If branch_b fails but source, branch_a, and branch_c succeed, the checkpoint stores all three. On resume, only branch_b and join need to run.

Node	First run	Resume
source	completed	Restored
branch_a	completed	Restored
branch_b	failed	Re-executed
branch_c	completed	Restored
join	skipped	Executed

On resume, only branch_b and join need to execute.

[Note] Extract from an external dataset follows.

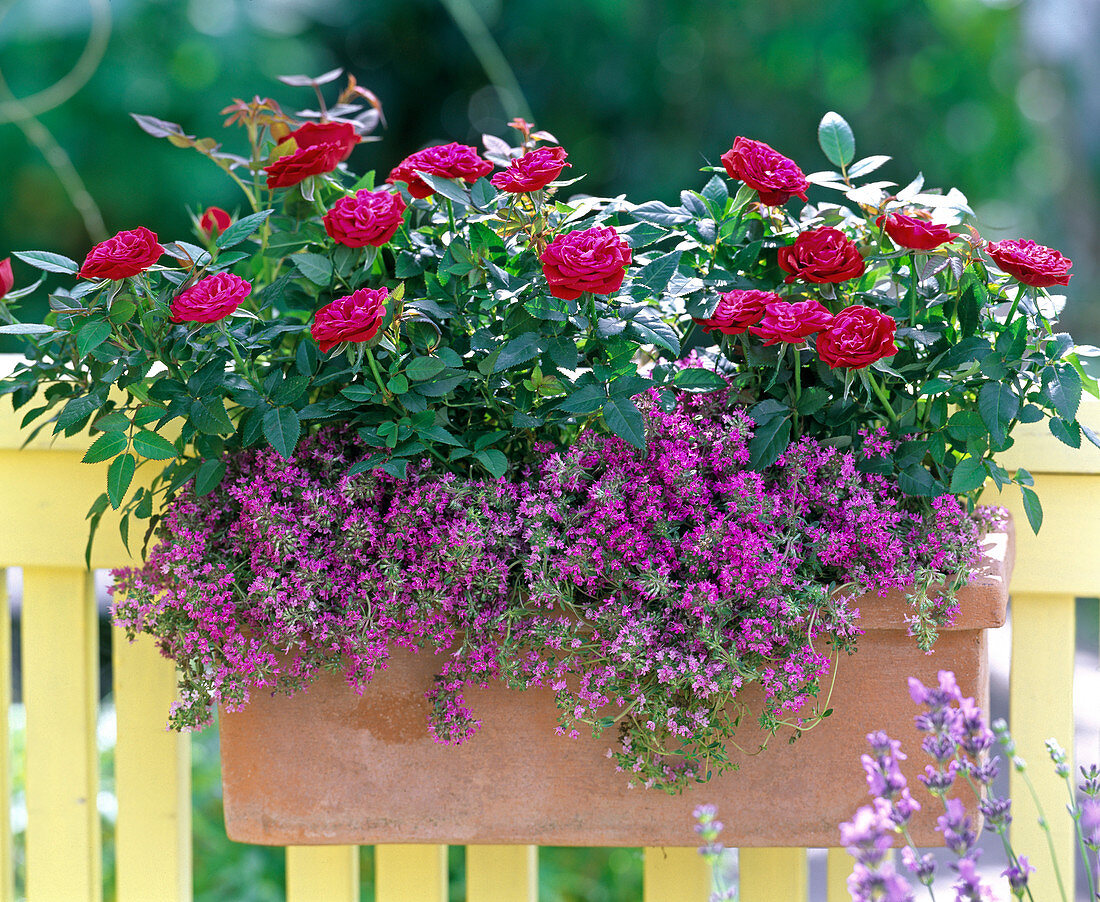 Clay box with roses and thyme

Monitoring checkpoint state

Build observability around checkpoint state:

def monitor_pipeline(executor):
    info = executor.checkpoint_info()

    if not info.exists:
        print("No checkpoint found — pipeline has not run or completed cleanly.")
        return

    total = dag.node_count()
    completed = info.total_checkpointed
    pct = (completed / total) * 100

    print(f"Pipeline progress: {completed}/{total} ({pct:.0f}%)")
    print(f"Completed: {info.completed_nodes}")
    print(f"Failed:    {info.failed_nodes}")
    print(f"Remaining: {total - completed - len(info.failed_nodes)}")
    print(f"Last run:  {info.last_run_time}")

Integrating with alerting

import json

def checkpoint_to_metrics(executor):
    """Export checkpoint state as metrics for Prometheus/DataDog."""
    info = executor.checkpoint_info()
    return {
        "pipeline.checkpoint.exists": 1 if info.exists else 0,
        "pipeline.checkpoint.completed": info.total_checkpointed,
        "pipeline.checkpoint.failed": len(info.failed_nodes),
        "pipeline.checkpoint.progress_pct": (
            info.total_checkpointed / dag.node_count() * 100
            if info.exists else 0
        ),
    }

Checkpoint directory structure

The checkpoint directory contains one file per completed node plus a metadata file:

/tmp/pipeline_checkpoint/
  _metadata.json        # Run metadata (start time, DAG hash, etc.)
  extract.checkpoint    # Serialized NodeResult for 'extract'
  transform.checkpoint  # Serialized NodeResult for 'transform'
  validate.checkpoint   # Serialized NodeResult for 'validate'

caution

Do not modify checkpoint files manually. The executor validates file integrity on resume and will reject tampered checkpoints.

When to clear checkpoints

Clear checkpoints when:

The DAG structure changed. Adding or removing nodes invalidates the checkpoint. The executor detects this and raises an error on resume.
Task logic changed. If you fixed a bug in a task that already checkpointed successfully, you need to re-run it.
You want a clean start. For periodic batch pipelines, clear the checkpoint before each scheduled run.

# Before a scheduled daily run
executor.clear_checkpoint()
result = executor.execute(tasks)

Combining with other features

Checkpointing + Incremental execution

Use checkpointing for fault tolerance and incremental execution for change-based optimization:

# First: use IncrementalExecutor to determine what needs to run
inc_executor = dagron.IncrementalExecutor(dag)
inc_result = inc_executor.execute(tasks, changed_nodes=["source"])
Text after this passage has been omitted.